Data under study
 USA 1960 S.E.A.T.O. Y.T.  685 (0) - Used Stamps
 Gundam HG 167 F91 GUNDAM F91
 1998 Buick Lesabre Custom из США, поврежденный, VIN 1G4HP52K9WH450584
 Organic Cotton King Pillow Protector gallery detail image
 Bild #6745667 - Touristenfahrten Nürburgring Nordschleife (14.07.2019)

* * *

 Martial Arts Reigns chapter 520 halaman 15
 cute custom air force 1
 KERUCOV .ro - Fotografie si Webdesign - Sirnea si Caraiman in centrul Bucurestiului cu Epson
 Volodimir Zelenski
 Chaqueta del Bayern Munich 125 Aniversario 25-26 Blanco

---

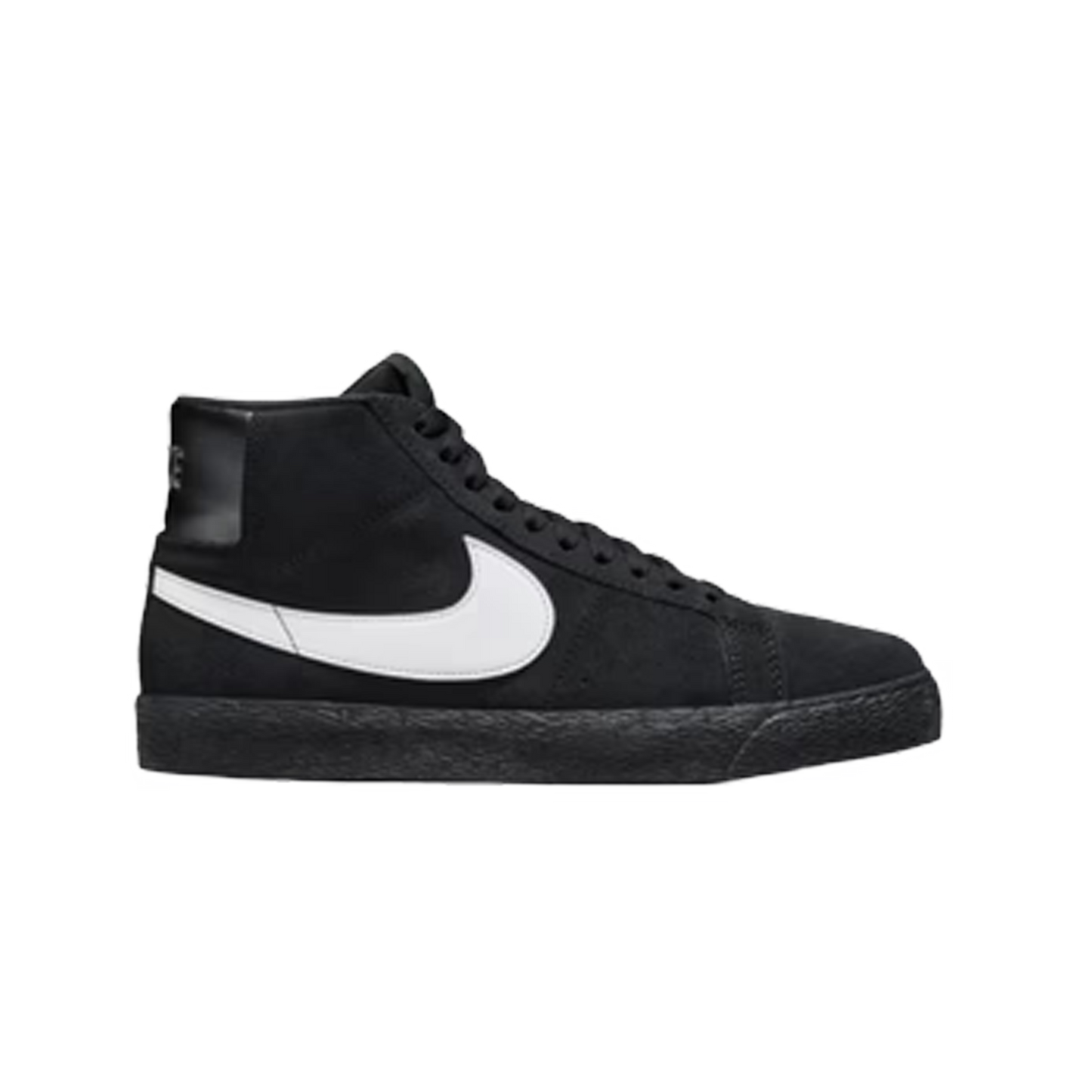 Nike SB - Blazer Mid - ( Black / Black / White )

Work request
Please output exactly the lines between the one holding "Organic Cotton King" and the one holding "Bild #6745667 - Touristenfahrten" in the records above, inclusive, and nothing more.

Your response
 Organic Cotton King Pillow Protector gallery detail image
 Bild #6745667 - Touristenfahrten Nürburgring Nordschleife (14.07.2019)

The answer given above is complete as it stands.